▶ **TASK TO CARRY OUT**
Pictures aside, write out every record exactly as it appears.

RECORDS SHOWN below:

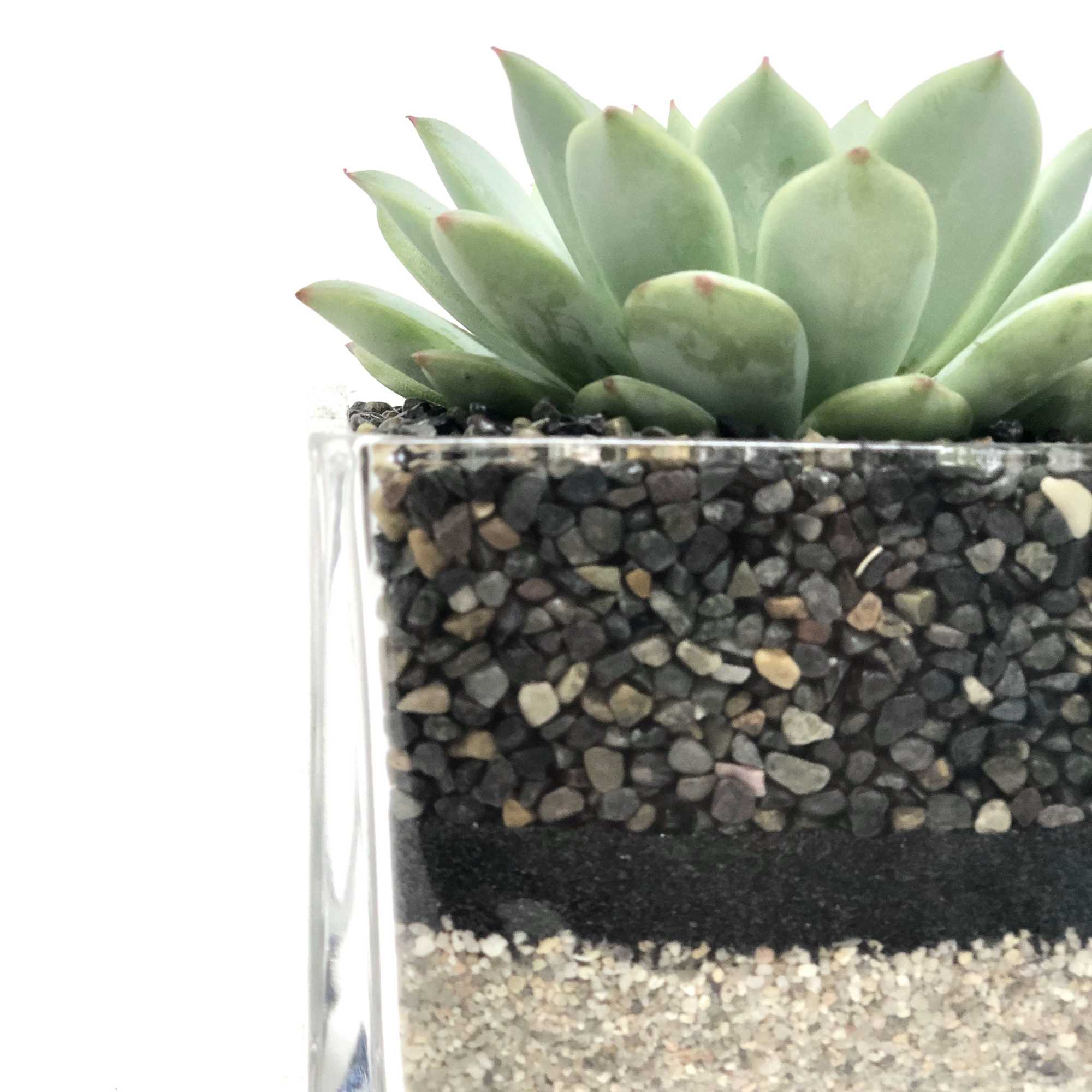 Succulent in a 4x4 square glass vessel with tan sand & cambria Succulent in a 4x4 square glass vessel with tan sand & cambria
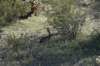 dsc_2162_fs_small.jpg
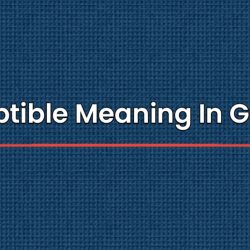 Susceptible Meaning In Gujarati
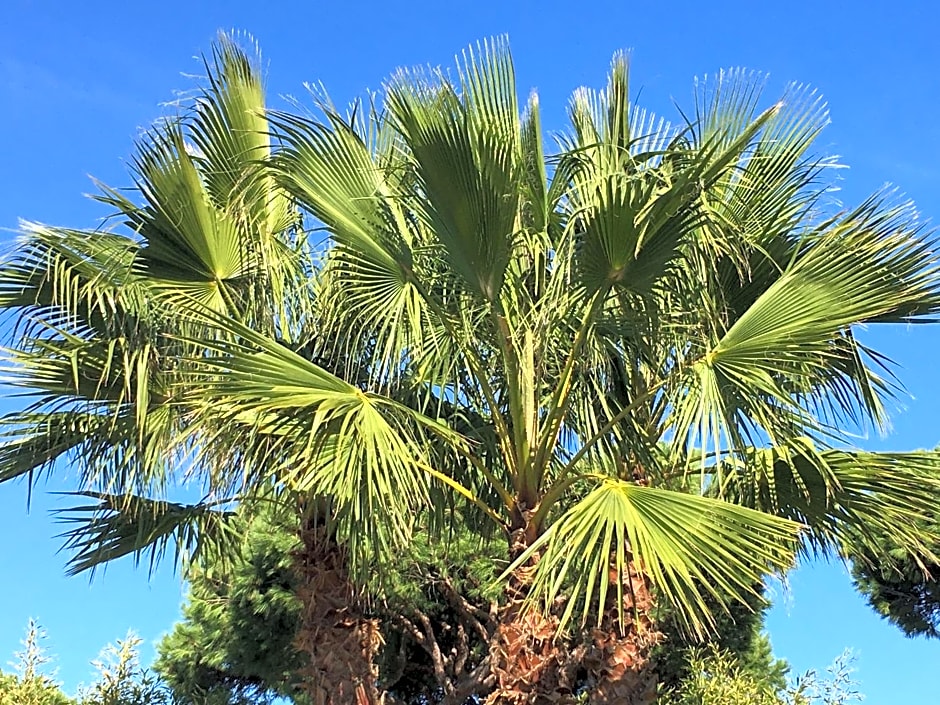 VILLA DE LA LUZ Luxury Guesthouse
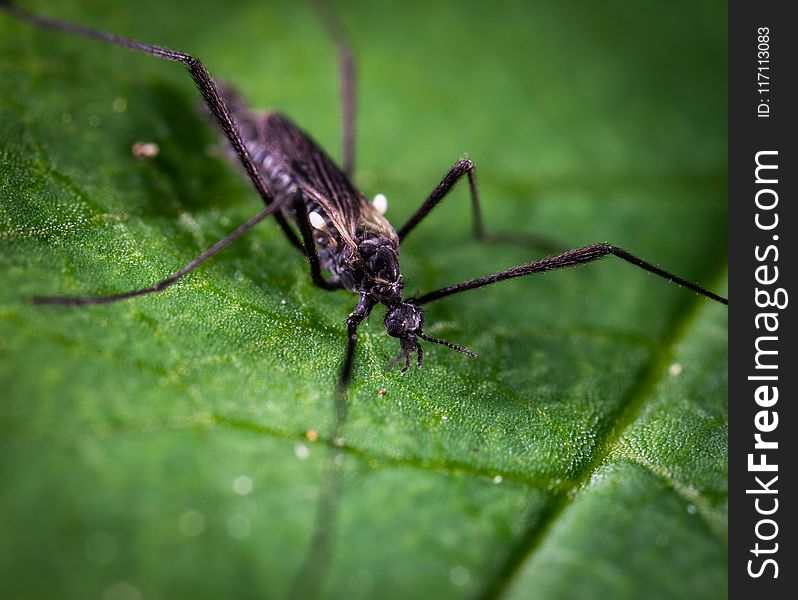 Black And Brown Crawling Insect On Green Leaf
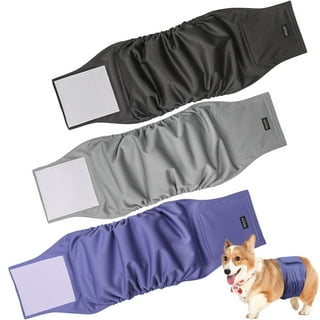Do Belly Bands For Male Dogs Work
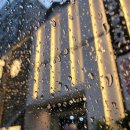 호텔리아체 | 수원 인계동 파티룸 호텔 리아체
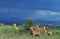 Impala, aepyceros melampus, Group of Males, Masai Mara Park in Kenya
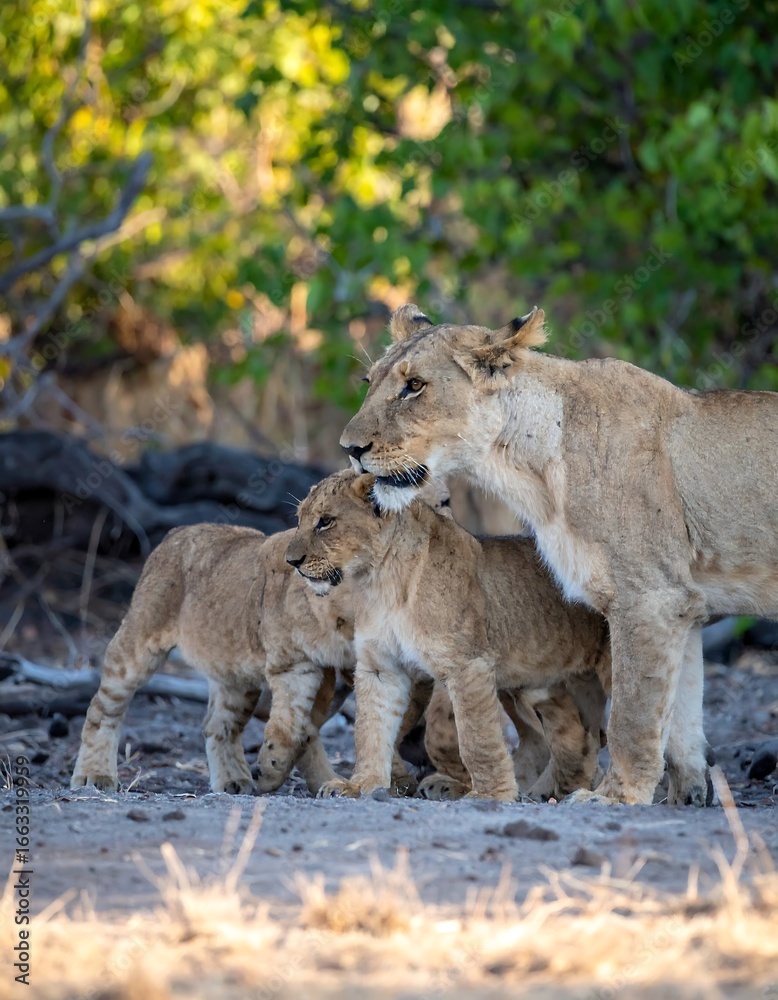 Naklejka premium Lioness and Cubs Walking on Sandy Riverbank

End of RECORDS SHOWN.

▶ **ANSWER**
 Succulent in a 4x4 square glass vessel with tan sand & cambria Succulent in a 4x4 square glass vessel with tan sand & cambria
 dsc_2162_fs_small.jpg
 Susceptible Meaning In Gujarati
 VILLA DE LA LUZ Luxury Guesthouse
 Black And Brown Crawling Insect On Green Leaf
Do Belly Bands For Male Dogs Work
 호텔리아체 | 수원 인계동 파티룸 호텔 리아체
 Impala, aepyceros melampus, Group of Males, Masai Mara Park in Kenya
 Naklejka premium Lioness and Cubs Walking on Sandy Riverbank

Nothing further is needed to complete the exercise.